**Task goal**
What are the lines below, starting at the line containing "So how did I" and ending at the line containing "Stretch at the"? Write them out exactly, ends included, without pictures.

**Information shown**
======
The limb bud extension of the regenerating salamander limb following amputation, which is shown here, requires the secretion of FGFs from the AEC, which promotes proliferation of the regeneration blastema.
======
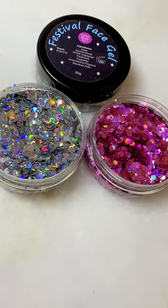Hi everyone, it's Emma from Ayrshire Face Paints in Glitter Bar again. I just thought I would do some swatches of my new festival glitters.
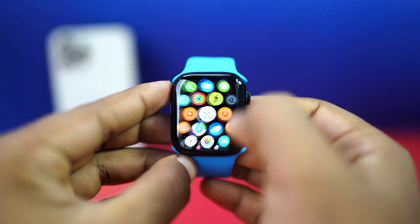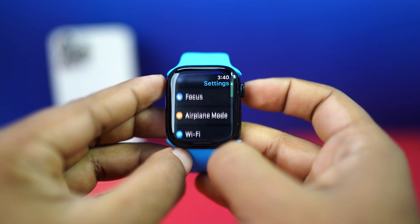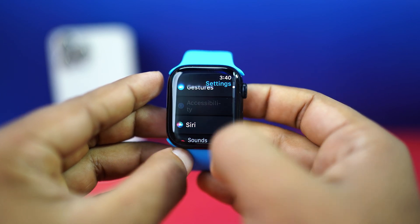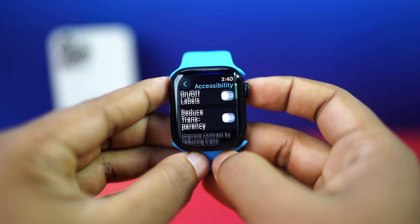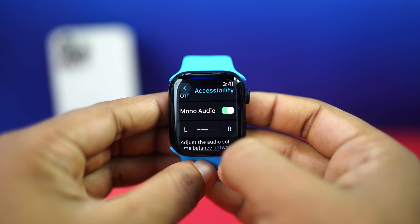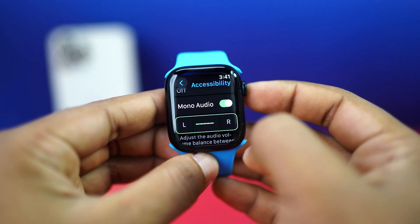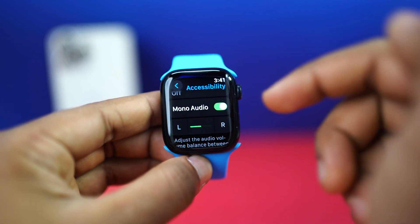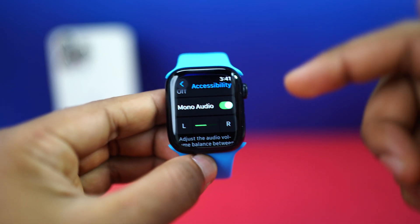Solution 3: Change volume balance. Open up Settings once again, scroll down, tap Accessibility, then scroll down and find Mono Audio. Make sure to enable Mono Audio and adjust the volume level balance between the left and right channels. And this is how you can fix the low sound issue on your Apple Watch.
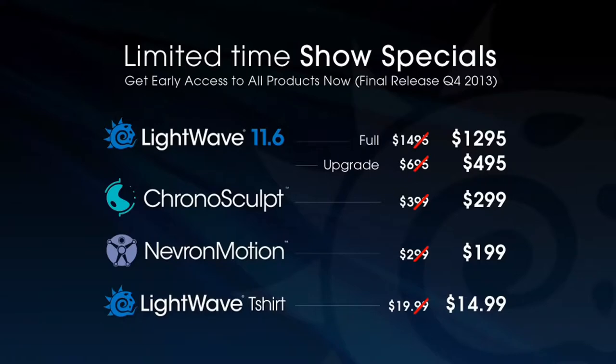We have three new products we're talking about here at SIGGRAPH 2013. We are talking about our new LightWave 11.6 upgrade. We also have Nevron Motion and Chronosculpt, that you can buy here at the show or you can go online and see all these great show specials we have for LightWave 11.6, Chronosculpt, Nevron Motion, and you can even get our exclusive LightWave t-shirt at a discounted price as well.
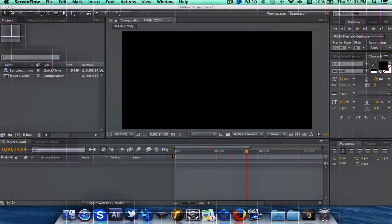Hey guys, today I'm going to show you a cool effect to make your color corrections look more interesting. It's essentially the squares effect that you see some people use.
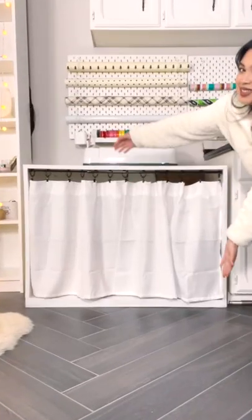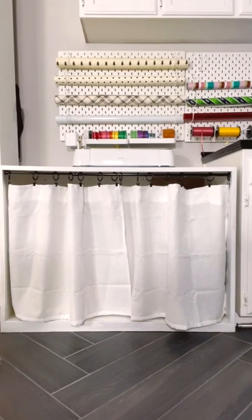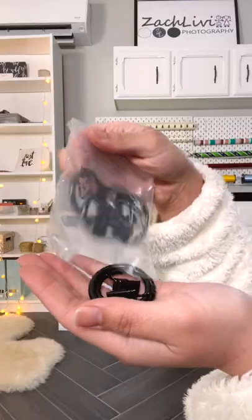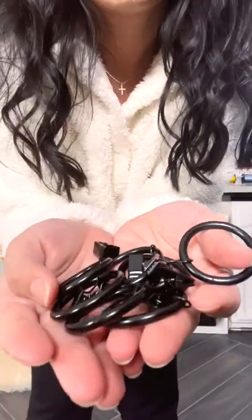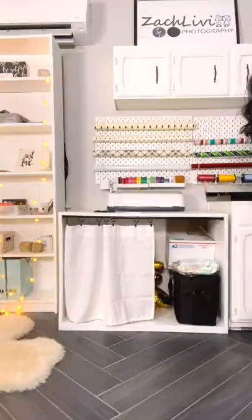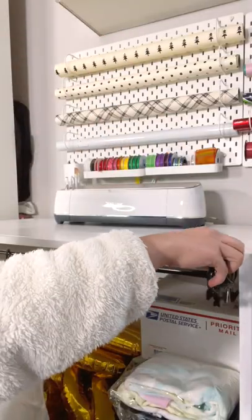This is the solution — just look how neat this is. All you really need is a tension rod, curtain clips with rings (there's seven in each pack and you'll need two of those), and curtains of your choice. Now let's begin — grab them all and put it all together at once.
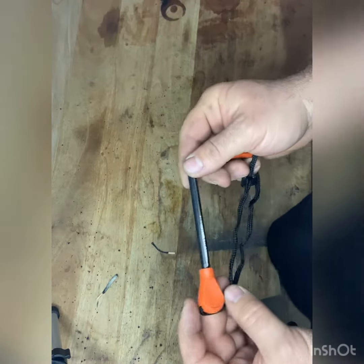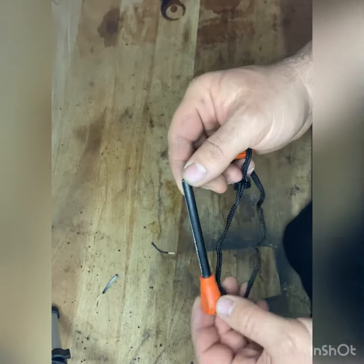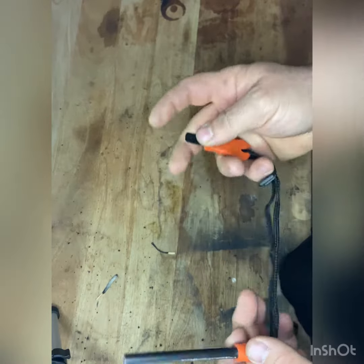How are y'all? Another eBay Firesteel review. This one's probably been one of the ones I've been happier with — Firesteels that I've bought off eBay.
======
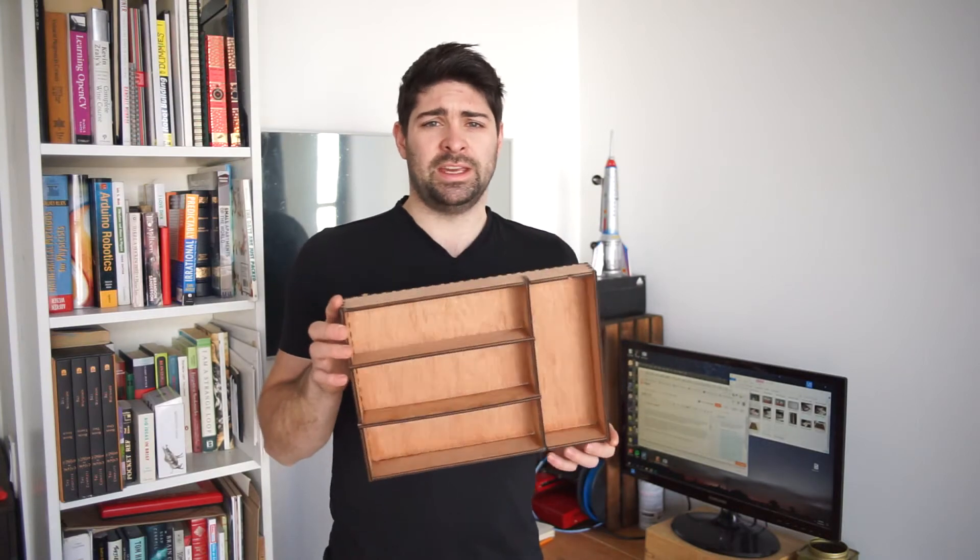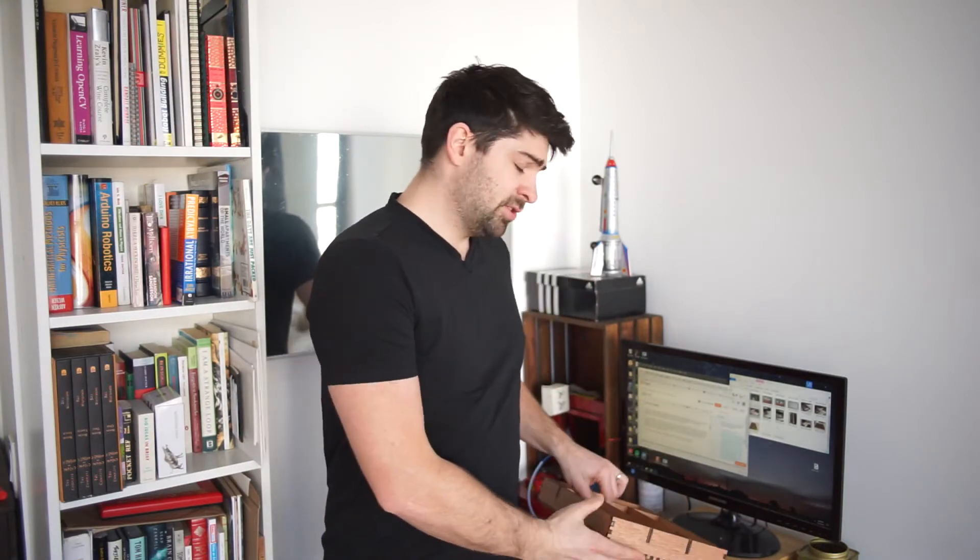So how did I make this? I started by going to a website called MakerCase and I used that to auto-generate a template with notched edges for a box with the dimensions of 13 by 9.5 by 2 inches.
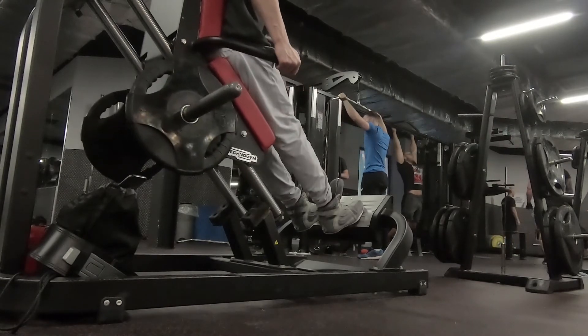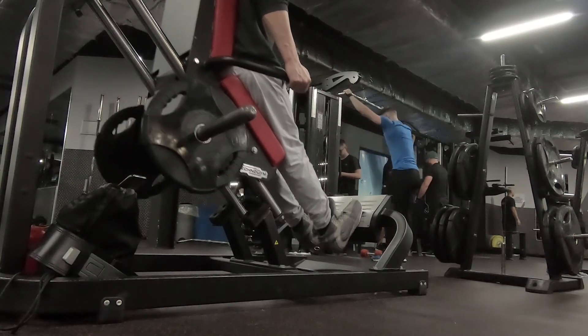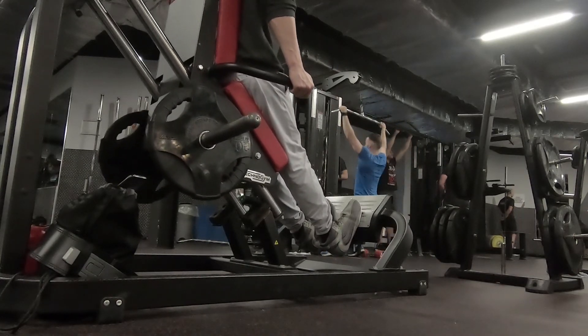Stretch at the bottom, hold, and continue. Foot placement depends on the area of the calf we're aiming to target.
======
**Answer to this task**
So how did I make this? I started by going to a website called MakerCase and I used that to auto-generate a template with notched edges for a box with the dimensions of 13 by 9.5 by 2 inches.
Stretch at the bottom, hold, and continue. Foot placement depends on the area of the calf we're aiming to target.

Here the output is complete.